Perché sur un camion, un soldat enfonce, à l’aide d’un grand marteau, des poteaux en métal dans la terre mouillée par des averses passagères. Le bruit du marteau retentit à des centaines de mètres. Côté russe, une dense forêt de bouleaux ne laisse rien percevoir.
Selon Mariusz Blaszczak, cette construction intervient après «des informations inquiétantes» sur le lancement des vols reliant le Moyen-Orient et l’Afrique du nord avec Kaliningrad, information qui n’a pas pu être confirmée par l’AFP. L’opposition accuse, elle, le ministre de mener un jeu politique et de propagande destiné à faire augmenter la côte des conservateurs au pouvoir en perte de vitesse avant les élections législatives de l’année prochaine. Mariusz Blaszczak a balayé ces propos accusant ses opposants d’adopter «une position pro-russe».
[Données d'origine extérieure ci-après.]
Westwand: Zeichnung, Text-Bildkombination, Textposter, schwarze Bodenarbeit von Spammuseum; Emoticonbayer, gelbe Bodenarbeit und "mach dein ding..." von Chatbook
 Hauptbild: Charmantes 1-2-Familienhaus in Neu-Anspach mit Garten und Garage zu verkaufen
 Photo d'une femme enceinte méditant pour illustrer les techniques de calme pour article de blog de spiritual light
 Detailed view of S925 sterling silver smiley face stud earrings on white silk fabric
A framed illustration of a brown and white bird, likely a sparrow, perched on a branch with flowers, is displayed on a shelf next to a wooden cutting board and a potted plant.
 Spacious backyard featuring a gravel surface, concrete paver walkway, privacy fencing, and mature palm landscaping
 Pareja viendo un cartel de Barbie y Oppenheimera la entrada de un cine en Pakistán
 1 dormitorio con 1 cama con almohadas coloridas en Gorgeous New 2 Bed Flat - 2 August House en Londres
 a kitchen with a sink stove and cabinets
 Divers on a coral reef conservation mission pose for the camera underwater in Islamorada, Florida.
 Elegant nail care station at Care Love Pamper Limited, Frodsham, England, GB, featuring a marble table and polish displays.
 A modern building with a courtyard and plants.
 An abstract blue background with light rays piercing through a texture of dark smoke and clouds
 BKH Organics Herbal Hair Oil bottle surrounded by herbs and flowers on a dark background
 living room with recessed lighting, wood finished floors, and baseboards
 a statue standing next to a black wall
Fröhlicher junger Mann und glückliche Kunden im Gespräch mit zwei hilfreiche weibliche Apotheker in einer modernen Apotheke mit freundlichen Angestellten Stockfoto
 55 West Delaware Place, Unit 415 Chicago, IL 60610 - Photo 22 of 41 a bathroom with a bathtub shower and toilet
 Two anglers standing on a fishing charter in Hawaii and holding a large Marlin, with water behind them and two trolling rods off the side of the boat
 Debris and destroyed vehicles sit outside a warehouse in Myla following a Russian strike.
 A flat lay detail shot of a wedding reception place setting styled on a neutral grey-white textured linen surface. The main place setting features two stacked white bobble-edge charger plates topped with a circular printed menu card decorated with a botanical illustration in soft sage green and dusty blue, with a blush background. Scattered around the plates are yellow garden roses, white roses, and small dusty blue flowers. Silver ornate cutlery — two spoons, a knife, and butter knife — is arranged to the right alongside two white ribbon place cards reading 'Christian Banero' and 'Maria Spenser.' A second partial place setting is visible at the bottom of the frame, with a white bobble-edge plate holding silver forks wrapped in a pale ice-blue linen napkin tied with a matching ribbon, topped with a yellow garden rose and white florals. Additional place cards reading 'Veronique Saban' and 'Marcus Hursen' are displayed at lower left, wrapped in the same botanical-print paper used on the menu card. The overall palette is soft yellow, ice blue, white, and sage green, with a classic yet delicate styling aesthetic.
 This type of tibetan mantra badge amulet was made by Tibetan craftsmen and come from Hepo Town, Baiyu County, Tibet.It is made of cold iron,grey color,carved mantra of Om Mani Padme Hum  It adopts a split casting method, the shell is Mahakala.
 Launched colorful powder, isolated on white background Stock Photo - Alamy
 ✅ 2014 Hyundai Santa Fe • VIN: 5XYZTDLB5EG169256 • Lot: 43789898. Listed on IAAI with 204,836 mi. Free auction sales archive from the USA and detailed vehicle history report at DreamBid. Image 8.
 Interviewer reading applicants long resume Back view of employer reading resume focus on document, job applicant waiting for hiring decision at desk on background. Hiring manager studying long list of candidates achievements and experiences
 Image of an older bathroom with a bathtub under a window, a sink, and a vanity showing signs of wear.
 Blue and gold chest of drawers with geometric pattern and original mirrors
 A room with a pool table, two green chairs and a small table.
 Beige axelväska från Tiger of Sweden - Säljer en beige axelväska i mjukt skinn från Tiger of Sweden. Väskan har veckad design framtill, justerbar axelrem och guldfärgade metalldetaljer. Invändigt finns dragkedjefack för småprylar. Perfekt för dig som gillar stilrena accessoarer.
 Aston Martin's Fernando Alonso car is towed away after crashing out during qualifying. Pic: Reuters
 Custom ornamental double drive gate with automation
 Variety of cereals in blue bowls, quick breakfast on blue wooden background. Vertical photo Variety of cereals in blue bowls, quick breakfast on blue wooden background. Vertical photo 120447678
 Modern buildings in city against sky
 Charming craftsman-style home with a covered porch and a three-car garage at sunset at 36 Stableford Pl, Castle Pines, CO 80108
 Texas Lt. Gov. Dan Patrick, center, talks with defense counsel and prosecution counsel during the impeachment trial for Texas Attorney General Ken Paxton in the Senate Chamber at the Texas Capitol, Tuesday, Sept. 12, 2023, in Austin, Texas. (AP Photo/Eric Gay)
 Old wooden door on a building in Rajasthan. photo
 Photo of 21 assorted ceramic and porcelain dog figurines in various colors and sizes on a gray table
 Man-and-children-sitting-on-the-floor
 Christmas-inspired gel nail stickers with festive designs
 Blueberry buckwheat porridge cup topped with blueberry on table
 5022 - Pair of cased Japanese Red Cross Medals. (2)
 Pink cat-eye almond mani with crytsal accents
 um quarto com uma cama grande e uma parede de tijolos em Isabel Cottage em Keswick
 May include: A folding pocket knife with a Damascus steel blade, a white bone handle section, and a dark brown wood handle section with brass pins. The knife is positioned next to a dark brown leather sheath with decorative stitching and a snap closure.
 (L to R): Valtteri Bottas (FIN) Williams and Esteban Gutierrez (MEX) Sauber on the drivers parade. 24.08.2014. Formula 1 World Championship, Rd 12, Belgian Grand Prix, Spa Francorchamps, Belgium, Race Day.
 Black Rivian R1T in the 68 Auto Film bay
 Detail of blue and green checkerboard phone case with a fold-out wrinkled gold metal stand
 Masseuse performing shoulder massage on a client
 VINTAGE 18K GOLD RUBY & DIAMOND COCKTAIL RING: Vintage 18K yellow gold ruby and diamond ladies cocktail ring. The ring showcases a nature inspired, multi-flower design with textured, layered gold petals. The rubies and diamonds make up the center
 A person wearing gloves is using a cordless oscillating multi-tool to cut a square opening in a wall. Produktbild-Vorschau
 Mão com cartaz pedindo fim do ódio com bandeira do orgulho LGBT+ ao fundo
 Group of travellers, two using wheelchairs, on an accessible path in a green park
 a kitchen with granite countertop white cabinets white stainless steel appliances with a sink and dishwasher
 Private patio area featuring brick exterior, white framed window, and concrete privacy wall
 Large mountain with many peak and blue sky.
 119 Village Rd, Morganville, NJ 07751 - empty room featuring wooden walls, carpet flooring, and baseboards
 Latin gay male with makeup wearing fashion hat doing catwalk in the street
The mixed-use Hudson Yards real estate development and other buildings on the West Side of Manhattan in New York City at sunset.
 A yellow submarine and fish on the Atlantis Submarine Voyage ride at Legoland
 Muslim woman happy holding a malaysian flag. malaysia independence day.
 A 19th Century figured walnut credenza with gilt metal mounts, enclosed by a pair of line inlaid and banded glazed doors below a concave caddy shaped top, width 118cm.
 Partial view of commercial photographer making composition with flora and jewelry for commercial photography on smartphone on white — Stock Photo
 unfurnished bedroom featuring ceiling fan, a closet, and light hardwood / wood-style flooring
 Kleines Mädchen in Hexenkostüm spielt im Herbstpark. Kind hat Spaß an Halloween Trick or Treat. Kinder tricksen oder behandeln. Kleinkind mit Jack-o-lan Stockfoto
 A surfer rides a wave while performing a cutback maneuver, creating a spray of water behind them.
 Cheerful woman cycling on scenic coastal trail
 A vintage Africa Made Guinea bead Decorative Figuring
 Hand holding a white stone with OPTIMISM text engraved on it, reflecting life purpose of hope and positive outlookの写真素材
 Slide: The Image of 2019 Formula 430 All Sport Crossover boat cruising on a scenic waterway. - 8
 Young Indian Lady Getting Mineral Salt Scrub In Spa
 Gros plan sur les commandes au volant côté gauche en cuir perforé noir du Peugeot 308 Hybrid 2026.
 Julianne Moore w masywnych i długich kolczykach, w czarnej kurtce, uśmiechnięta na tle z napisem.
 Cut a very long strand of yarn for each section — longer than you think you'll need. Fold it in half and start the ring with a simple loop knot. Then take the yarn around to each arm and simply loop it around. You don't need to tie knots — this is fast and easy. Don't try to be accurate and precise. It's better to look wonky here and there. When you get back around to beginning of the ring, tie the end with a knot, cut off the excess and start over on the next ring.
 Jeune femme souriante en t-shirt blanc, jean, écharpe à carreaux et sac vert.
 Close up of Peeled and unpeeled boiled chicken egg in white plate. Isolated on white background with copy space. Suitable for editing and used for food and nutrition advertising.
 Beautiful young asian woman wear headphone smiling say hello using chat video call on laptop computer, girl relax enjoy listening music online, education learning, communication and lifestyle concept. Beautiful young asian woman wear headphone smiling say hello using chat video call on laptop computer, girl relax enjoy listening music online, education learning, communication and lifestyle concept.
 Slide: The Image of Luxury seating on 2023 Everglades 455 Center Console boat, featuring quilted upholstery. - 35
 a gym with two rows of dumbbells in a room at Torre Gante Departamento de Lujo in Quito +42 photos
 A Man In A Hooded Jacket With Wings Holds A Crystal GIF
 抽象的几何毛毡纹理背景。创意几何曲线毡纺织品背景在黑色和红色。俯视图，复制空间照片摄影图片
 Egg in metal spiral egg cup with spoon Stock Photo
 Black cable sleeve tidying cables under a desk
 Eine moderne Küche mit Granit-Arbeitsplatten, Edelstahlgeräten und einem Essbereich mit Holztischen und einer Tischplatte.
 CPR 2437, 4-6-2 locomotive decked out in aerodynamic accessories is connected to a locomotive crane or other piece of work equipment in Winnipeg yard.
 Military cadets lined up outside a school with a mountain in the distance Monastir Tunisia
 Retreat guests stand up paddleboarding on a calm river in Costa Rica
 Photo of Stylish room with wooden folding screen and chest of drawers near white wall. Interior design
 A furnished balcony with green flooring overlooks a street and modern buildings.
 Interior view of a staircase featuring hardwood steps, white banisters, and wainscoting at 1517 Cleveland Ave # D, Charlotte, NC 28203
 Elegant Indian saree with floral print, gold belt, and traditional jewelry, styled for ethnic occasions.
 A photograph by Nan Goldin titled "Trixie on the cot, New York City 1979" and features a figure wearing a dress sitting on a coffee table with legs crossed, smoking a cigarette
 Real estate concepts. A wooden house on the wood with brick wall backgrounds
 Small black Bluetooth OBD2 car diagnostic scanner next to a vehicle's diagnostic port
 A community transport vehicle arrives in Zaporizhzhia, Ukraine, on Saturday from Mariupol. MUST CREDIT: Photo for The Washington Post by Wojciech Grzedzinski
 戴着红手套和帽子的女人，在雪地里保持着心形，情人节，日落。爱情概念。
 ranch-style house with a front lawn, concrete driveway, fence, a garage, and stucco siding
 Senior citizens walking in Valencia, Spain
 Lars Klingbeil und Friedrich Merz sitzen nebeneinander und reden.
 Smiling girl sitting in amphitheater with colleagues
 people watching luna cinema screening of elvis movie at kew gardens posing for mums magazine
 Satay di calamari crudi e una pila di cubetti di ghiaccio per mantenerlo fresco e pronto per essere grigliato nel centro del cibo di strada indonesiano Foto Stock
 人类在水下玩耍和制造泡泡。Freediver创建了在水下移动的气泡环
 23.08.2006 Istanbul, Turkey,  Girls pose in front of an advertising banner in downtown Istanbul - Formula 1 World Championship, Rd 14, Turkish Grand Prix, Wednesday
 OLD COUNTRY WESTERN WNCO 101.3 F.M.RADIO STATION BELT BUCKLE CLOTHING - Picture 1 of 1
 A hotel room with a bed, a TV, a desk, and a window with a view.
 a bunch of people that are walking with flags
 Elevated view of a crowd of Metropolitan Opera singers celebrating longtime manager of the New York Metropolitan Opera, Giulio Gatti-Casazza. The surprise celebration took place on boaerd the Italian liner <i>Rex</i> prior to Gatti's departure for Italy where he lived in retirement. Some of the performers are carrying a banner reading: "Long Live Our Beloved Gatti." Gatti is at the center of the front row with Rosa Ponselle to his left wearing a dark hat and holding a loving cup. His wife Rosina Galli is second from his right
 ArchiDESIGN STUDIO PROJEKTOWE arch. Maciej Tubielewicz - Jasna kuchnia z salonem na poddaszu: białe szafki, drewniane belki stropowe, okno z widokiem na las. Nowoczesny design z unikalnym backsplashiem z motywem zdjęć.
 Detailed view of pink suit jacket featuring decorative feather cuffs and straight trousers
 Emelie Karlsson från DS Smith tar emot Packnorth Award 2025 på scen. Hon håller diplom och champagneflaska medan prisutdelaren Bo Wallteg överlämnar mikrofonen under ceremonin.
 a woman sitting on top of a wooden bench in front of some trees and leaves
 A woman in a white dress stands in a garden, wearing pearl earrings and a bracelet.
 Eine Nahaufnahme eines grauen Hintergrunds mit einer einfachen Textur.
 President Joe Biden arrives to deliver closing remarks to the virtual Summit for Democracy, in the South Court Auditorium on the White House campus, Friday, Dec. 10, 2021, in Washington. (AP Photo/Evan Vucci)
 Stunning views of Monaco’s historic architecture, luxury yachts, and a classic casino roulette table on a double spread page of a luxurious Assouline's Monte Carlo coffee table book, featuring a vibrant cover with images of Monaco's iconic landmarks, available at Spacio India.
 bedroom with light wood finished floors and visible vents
Le régime de Minsk et la Russie orchestraient l'afflux de migrants
La Pologne s’est déjà dotée d’une barrière physique et électronique, haute de 5,5 mètres et longue de 186 kilomètres le long de sa frontière avec le Bélarus, allié de la Russie. Son coût est estimé à 350 millions d’euros.
Depuis l’été 2021, des milliers de migrants et de réfugiés, principalement originaires du Moyen-Orient, ont forcé ou tenté de traverser la frontière avec le Bélarus. Varsovie et l’Occident ont accusé le régime de Minsk d’orchestrer cet afflux avec son allié russe dans le cadre d’une attaque «hybride» destinée à déstabiliser la région et toute UE, accusation rejetée par le régime d’Alexandre Loukachenko.
La nouvelle barrière le long de l’enclave russe de Kaliningrad «est un élément supplémentaire qui nous aidera à protéger notre frontière, qui constitue également la frontière extérieure de l’UE, contre l’immigration illégale», déclare à l’AFP Miroslawa Aleksandrowicz, porte-parole des gardes-frontières de la région de Mazurie. «Dès l’année prochaine, la barrière doit être munie de caméras et de systèmes de détection de mouvement», ajoute-t-elle.
Pour le moment, la situation à la frontière est «stable»
Cette année, seuls 13 personnes ont tenté de rentrer en Pologne depuis Kaliningrad, dont quatre citoyens du Tadjikistan en septembre, selon elle. «On veut nous faire peur mais je pense que c’est exagéré», estime auprès de l’AFP Marzena Raczewicz, assise dans la cuisine de sa maison située à Lenkupie, à quelques kilomètres de Zerdziny et à 500 mètres de la frontière.
«La barrière sera toujours un élément supplémentaire de protection, elle ralentira l’immigration, même s’il ne se passe rien sur cette frontière pour l’instant. Nous vivons ici en toute tranquillité», déclare-t-elle à l’AFP Sa voisine, Joanna Kozlowska, d’une trentaine d’année, confirme: «Ici tout était calme et tranquille et je pense que cela restera comme ça», d’autant plus que les gardes-frontières patrouillent les environs plusieurs fois par jour. «Pour l’instant, seuls les sangliers passent en Pologne depuis Kaliningrad», ajoute-t-elle en riant.
A Zytkiejmy, un autre village de la région, Tadeusz Rydzewski, 72 ans, «soutient la construction de la barrière». «Si Poutine nous menace alors je trouve qu’il est nécessaire de la construire», dit-il à l’AFP.